Rohnert Park budget looking up

Rohnert Park officials report slightly increased tax revenues and decreased costs - largely achieved through employee wage and benefit concessions - as the city approaches the start of its new budget year.

The budget is the subject of public hearing Tuesday at 4 p.m. at City Hall.

The proposed 2012-2013 general fund budget has expenses that exceed revenues by $2.25 million, but the city will start the budget cycle with enough cash carried over from the current year to cover that deficit, said City Manager Gabe Gonzalez.

"We've come a long ways," said Gonzalez, whom councilmembers credit with steering a financial turnaround for a city that faced a $9 million deficit four years ago.

"He has looked at the budget in a totally different way," said Councilman Joe Callinan.

The $26.1 million budget - $200,000 less than this year - projects increases in sales and property tax revenues and a 9.7 percent reduction in general government spending.

"It's bare bones, there's no fat," Gonzalez said.

A major difference, he said, is that the city is now using a method known as zero-based budgeting. That means departments don't make budget requests starting from the previous year's spending.

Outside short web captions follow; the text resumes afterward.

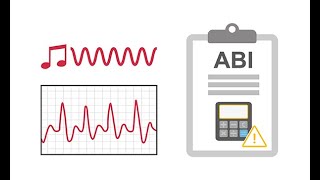 Interpreting ankle brachial index ABI waveforms [upl. by Munster]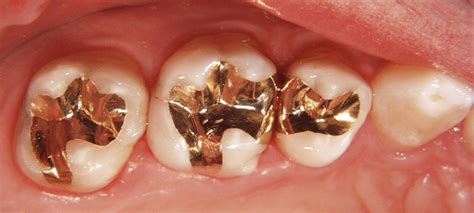 Gold Fillings Eagle Harbor Dentist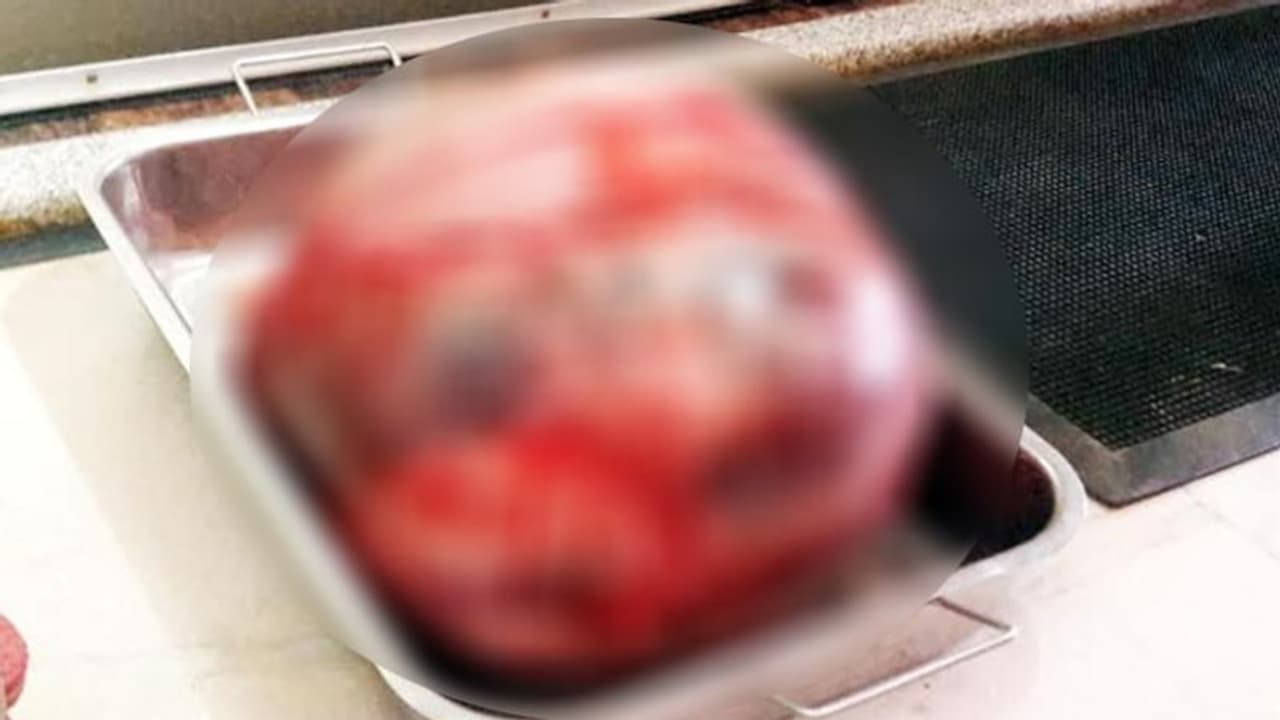 ಮಹಿಳೆಯ ಹೊಟ್ಟೆಯಲ್ಲಿ 12 ಕೆಜಿ ಗಡ್ಡೆ! ಮಹಿಳೆಯ ಹೊಟ್ಟೆಯಲ್ಲಿ 12 ಕೆಜಿ ಗಡ್ಡೆ!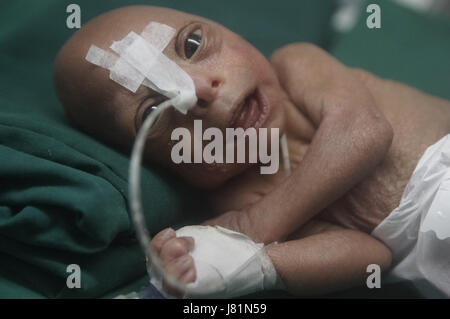 Dhaka, Bangladesh. 27 mai, 2017. Un bébé est né au Bangladesh Medical College Hospital il y a 4 jours avec une maladie génétique très rare appelée Progeria. Cet enfant progresse depuis sa naissance. Les médecins disent ; son poids de naissance était seulement.86 kg. Les enfants souffrant de cette maladie, apparaissent comme un très vieil homme. Leur processus de vieillissement est 8 fois plus rapide qu'un enfant normal.Hutchinson Gilbert Progeria Syndrome est appelé ce problème. En quelques millions, 1 enfant est né. Le prédécesseur est appelé vieillissement rapide. Fondamentalement, en raison d'un problème génétique, cet environnement est vu. Il n'y a pas de cause spécifique trouvé o Banque D'Images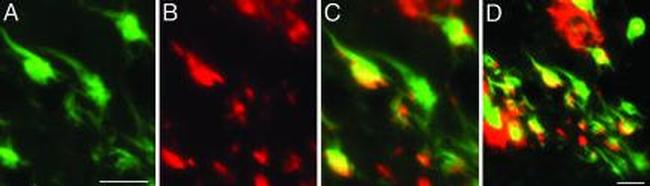 Tau Antibody in Immunocytochemistry (ICC/IF)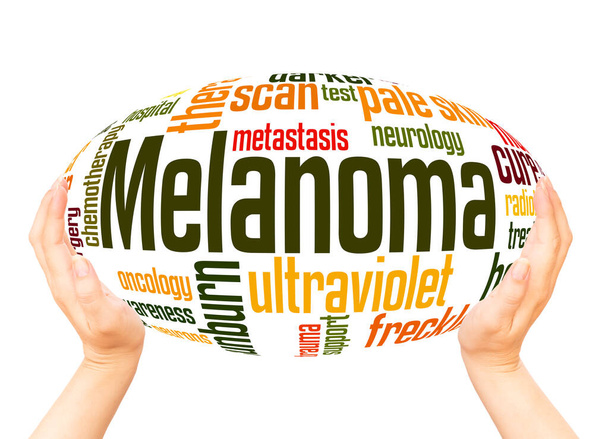 Melanoma - palabra cáncer de piel esfera de mano nube concepto sobre fondo blanco
.  - Foto, Imagen
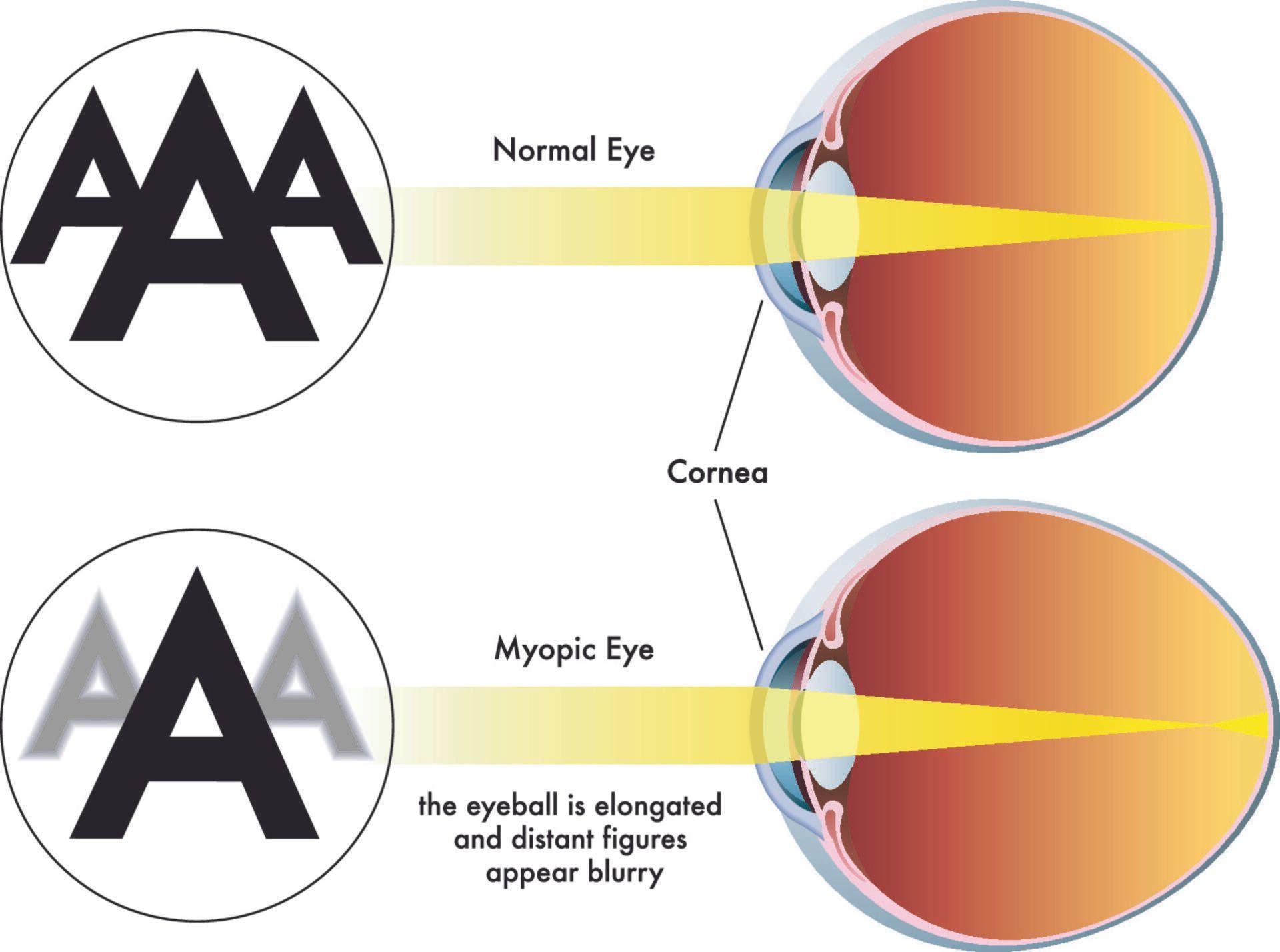 Diagram comparing a normal eye and a myopic eye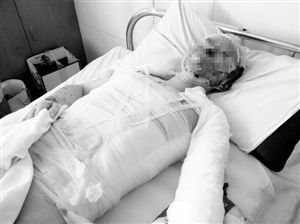 周小姐的頭、頸、軀干、四肢均被燒傷，其中面部燒傷最為嚴(yán)重。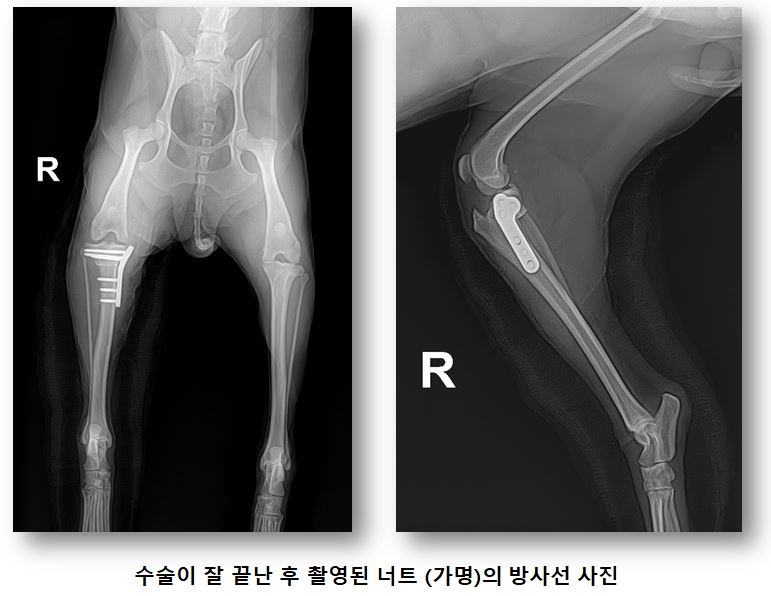 인대03.JPG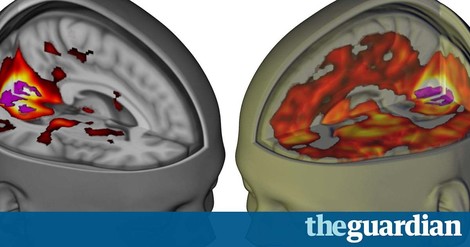 New Research On LSD: Insight On Treating Psychiatric Disorders And Understanding Consciousness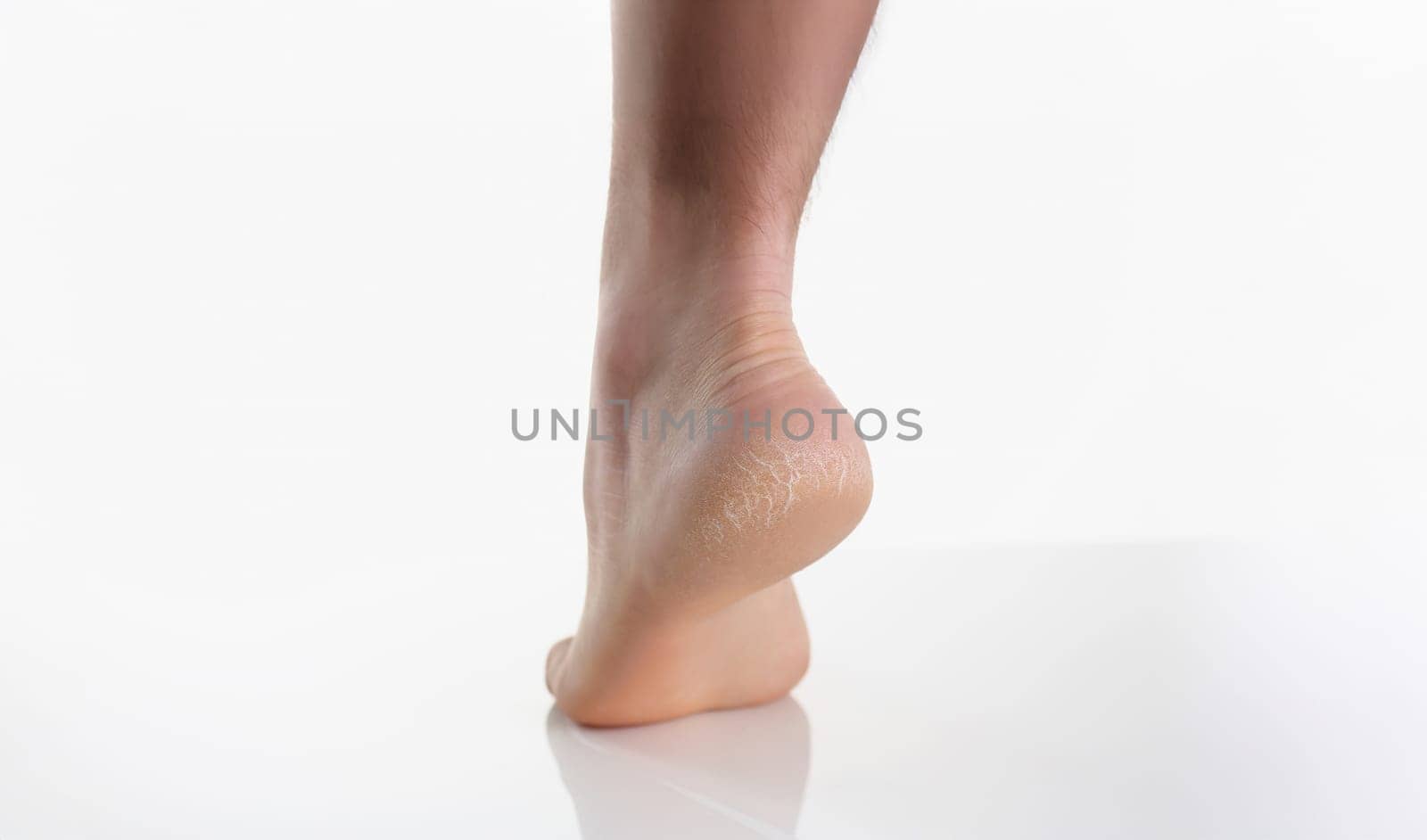 Close-up of single female leg or heel showing dried cracked heel with dried skin. Cracked womans heels during winter season. Wellness, self care concept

Instead, they start from zero and build their requests with each spending item.

That, Gonzalez argues, makes for a more realistic and accountable process.

John Borba, a planning commissioner and former council candidate, said the city needs to redirect its priorities toward attracting higher-paying employers.

"We can't be looking at a year-to-year budget, we have to be looking longterm," he said. "Really what we need is a longterm plan to bring about decent job growth."

Callinan sounded a similar note, saying, "We can't cut any more than we have."

He said the city has to capitalize on the planned launch in the fall of full operations at Sonoma State University's Green Music Center and also on the proposed Indian casino, for which ground could be broken this summer on the city's west side.

The music center is "going to be a bundle of cash for us if we do it right," he said. "And the casino is coming, unfortunately ... so we need to attract some of those dollars."